Earlier this month, waste piles began forming along the picture-perfect Parisian neighbourhoods. Garbage collection services and the city’s public transport providers continue to be on strike, paralysing their services. This is in response to French President Emmanuel Macron’s introduction of the new pension reform, increasing the age of retirement from 62 to 64. 

Protestors began taking part in rallies across the country, uniting against the reform. With such intense disagreement, two motions of censure were tabled by centrist Libertés Indépendants Outre-Mer & Territoires (LIOT) group and the far-right National Rally (RN) party. The objective of this move was to prevent Macron’s Bill from becoming law, but it was announced last Monday that the motion of censure against the pension reform did not pass. 

However, French protestors and unions are continuing to show absolutely no sign of backing down.

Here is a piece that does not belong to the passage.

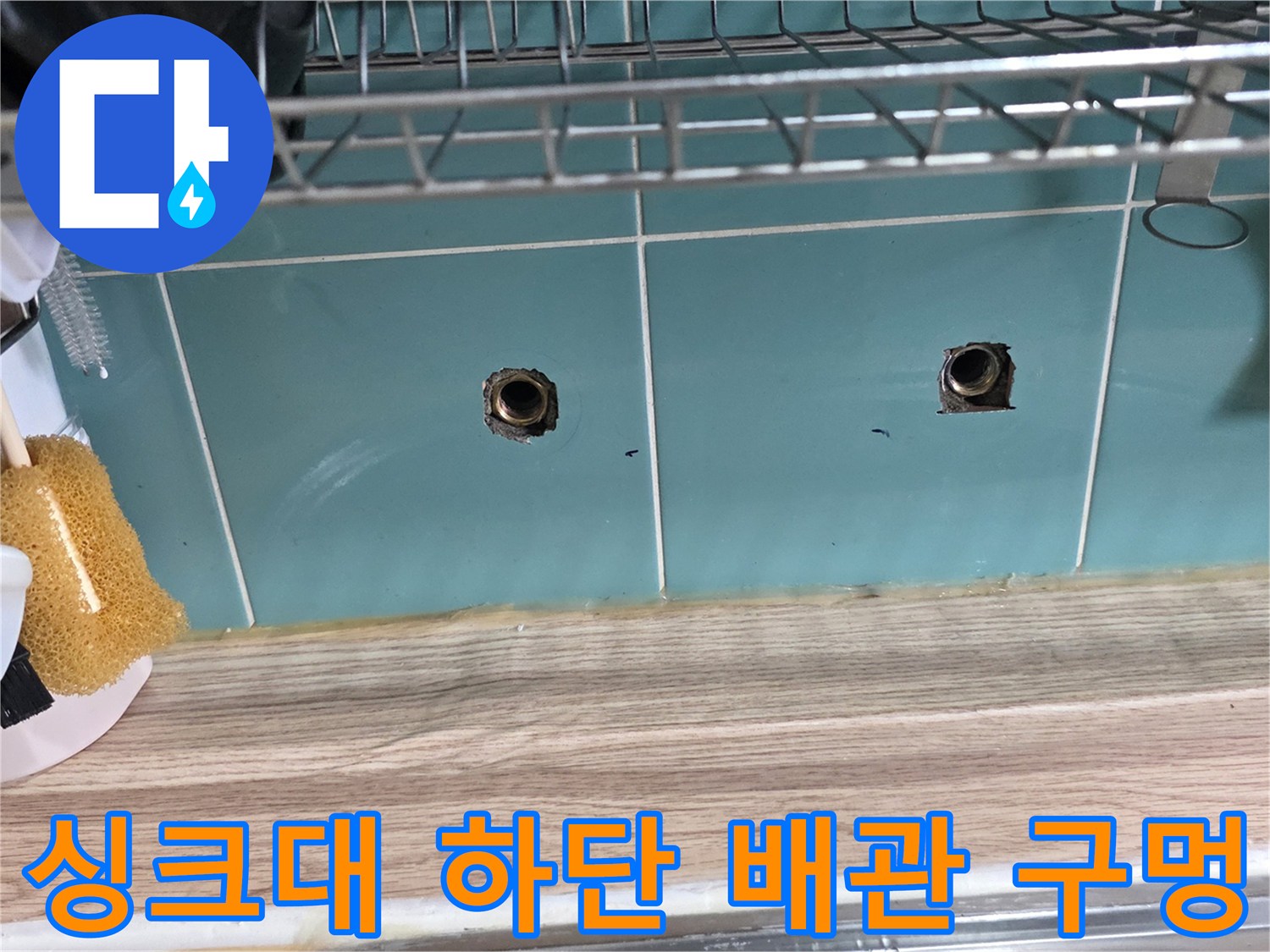 의정부 민락동 아파트-주방 싱크대 아래 벽면 배관 입구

Fury erupted as smoke bombs were dispersed at Biarritz airport, protestors stood along the tracks at rail stations, and people filled the streets pushing bins over and setting them alight. 

Store windows have been smashed, forcing some businesses and designer stores to temporarily close. Another tactic that has been used nationwide is obstructing airports, with Terminal 1 at Charles de Gaulle airport being blocked off on Thursday morning.

“Nothing will weaken the determination of the workers,” said the CGT union.

Despite protests making a powerful impact on day-to-day life in France, the French government remains defiant. They have been known to overcome strikes and protests in the past – including Nicolas Sarkozy’s government when they raised the retirement age from 60 to 62 back in 2010.

Protestors are hoping for the same outcome when President Jacques Chirac’s government was forced to back down over the 1995 pension reform, and 2006 youth labour law reform. 

A new wave of protests emerged on Tuesday. Up to 900,000 protesters joined the 240 rallies planned throughout France, 100,000 alone in Paris. With an increase in street violence amongst the protests, union leaders have called on President Macron to put the controversial pension reform on hold. 

An anonymous Parisian protestor told TheSocialTalks: “If our president really cares about us, if our government really cares about us, they will rethink this decision. I mean just look at us, look at the streets! Macron do you see this? Or are you blind?”

Another told us: “Protesting is a big part of our culture, to the rest of the world this may be shocking, but this was expected. That’s why I’m not too sure if Macron will drop the reform, I’m sure he knew this was going to happen”.

Protesters along Republique could be heard chanting “we beheaded Louis XVI, we can start again”, referring to the execution of Louis XVI during the French Revolution. 

Despite witnessing some of these aggressive acts during the protests, they have not been entirely violent. This Tuesday protestors were also seen peacefully walking in solidarity, even playing music and dancing together. 

Clémence, a protestor in Paris explained to us: “It’s not necessarily about violence, I’ve seen people smash store windows, I don’t really agree with that. For me, it’s about uniting and standing up for what we believe in. I think it’s powerful. We care about each other, and if we’re all here protesting this reform then isn’t it obvious who is in the wrong? Why is it that the only ones who agree with this are the wealthy politicians who won’t suffer the consequences of the retirement age? It’s not right.” 

A local Franprix worker also said: “If you don’t listen to us, we will only get angrier”, he then went on to tell us he plans on joining the protest after his shift ends.

Last week’s round of protests prompted Macron to cancel a planned state visit last week by the United Kingdom’s King Charles III. The visit was set to be his first overseas visit since becoming King.

Despite efforts from protestors, Macron has so far insisted he will not back down from raising the pension age in a TV interview. He explained in the interview “I have not succeeded in convincing people of the necessity of this reform”. He remains adamant that the reform is necessary and that it’s just a matter of understanding why. 

It seems there is no ending in sight for this political conflict, as the unions have called for another demonstration on April 6. We will continue to report on this story as updates emerge.